Michael Weins - Delfinarium

  • Der Plot


    Der junge, kluge, aber entscheidungsschwache Daniel bekommt eines Tages die Aufgabe, auf eine merkwürdige Frau namens Susann Windgassen aufzupassen. Sie spricht nicht mehr und hat sich nach einem Unfall tief in die innere Emigration zurückgezogen, aus welcher ihr Ehemann sie nicht mehr herausholen kann. Er sucht per Zeitungsannonce einen Begleiter für seine Gattin, um sie an den einzigen Ort auszuführen, der in ihrem Gesicht einen Hauch von Restwärme und Lebensfreude auszulösen vermag: Das Delfinarium im Zoo. Daniel reagierte auf diese Annonce, da er sich von seiner hyperaktiven, umweltaktivistischen Freundin ohnehin gerade entfremdet und in der schweigenden, rätselhaften Susann einen für ihn faszinierenden Gegenpol findet. Er kommt ihr so nahe, dass er sogar mit ihr schläft, was Weins allerdings als freudlos-mechanische Angelegenheit beschreibt, während die seelische Intimität zwischen den Beiden das Entscheidende ist. Daniel - der sich zu Anfang des Auftrags als Martin ausgibt und diesen Fehler schlichtweg nie mehr korrigiert - lebt irgendwann bei und mit Susann, während ihr Mann auf Reisen ist, als plötzlich ein Fremder vor der Tür steht und behauptet, er sei der Mann von Susann, deren eigentlicher Name Marie lautet. Susann/Marie lässt ohnehin alles mit sich geschehen und so ist es nun an Daniel/Martin, das Rätsel zu lüften.


    Die Meinung


    Michael Weins entstammt der Hamburger Lesebühnenszene, war Mitbegründer des Vereins Macht e.V. und Miterfinder des heute fast vergessenen "Hamburger Dogma", das in Anlehnung an die Reduktions-Stilistiken der dänischen Dogma-Gruppe aus dem Filmbereich danach strebte, die deutsche Literatursprache radikal zu entschlacken.


    Weins schreibt wie kein zweiter in diesem Land; präzise und minimalistisch, genau und rätselhaft zugleich. In "Delfinarium" bleibt das Geheimnis ungelüftet wie bei David Lynch, Paul Auster oder Franz Kafka. Eine realistische, stimmungsvolle Kulisse des Alten Lands um Hamburg wird zum Schauplatz einer Geschichte, die das Numinose mit dem Konkreten, das Humoristische mit dem Melenacholischen und das Alltägliche mit dem Gleichnishaften verbindet. Weins - der hauptberuflich als Psychologe arbeitet - ist ein sensibler Beobachter seelischer Abgründe und zwischenmenschlicher Interaktion und setzt seine Handlungen in eine Sprache um, die so wenig wie möglich und nur so viel wie nötig macht. Dabei flechtet er einen einzigartigen Humor in seinen Aufbau; Pointen großer Menschenkenntnis und Tragikkomik, die ihresgleichen sucht.

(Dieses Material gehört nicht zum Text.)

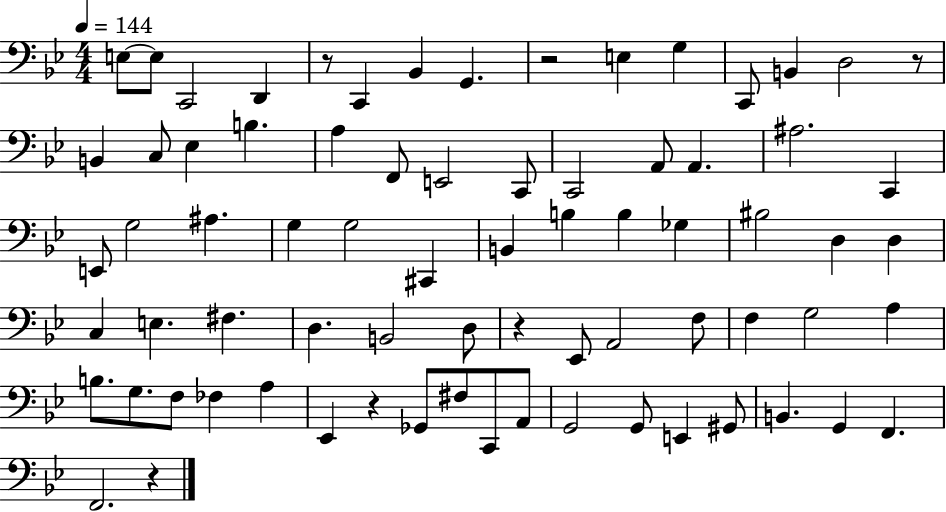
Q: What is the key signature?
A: BES major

    Langsam driftet das Buch ins Absurde und schichtet Stufe für Stufe Interpretationsmöglichkeiten auf, während es ohne jede Effektschreiberei und ohne auch nur ansatzweise ein Krimi zu sein, Spannung entfaltet.


    Der Philosoph Gilles Deleuze beschrieb den ultrapräzisen Surrealismus Franz Kafkas als "kleine Literatur", die den Sinn stetig wie ein Seifenstück im wahrsten Sinne des Wortes "un-fassbar" vor einem herspringen lässt. Wer Kafka liebte, hat diese Jagd bis heute niemals beendet, selbst wenn die Seife weiter flutscht.


    Was beim Erzählband "Feucht" in vollem Umfang und bei Weins Rowohlt-Roman "Goldener Reiter" mit Abstrichen galt, wird bei der Lektüre dieses wunderschön aufgemachten Hardcovers aus dem Mairisch-Verlag endgültig Gewissheit: Dieser Geheimtippautor trägt das Erbe eines Kafkas oder eines Robert Walsers - größtmögliche Genauigkeit bei seltsamstem Nebel - würdevoll in die Gegenwart.

  • Das hört sich sehr interessant an. Herzlichen Dank für diese Buchvorstellung. :wave

    Ich mag verdammen, was du sagst, aber ich werde mein Leben dafür einsetzen, dass du es sagen darfst. (Evelyn Beatrice Hall)


    Allenfalls bin ich höflich - freundlich bin ich nicht.


    Eigentlich mag ich gar keine Menschen.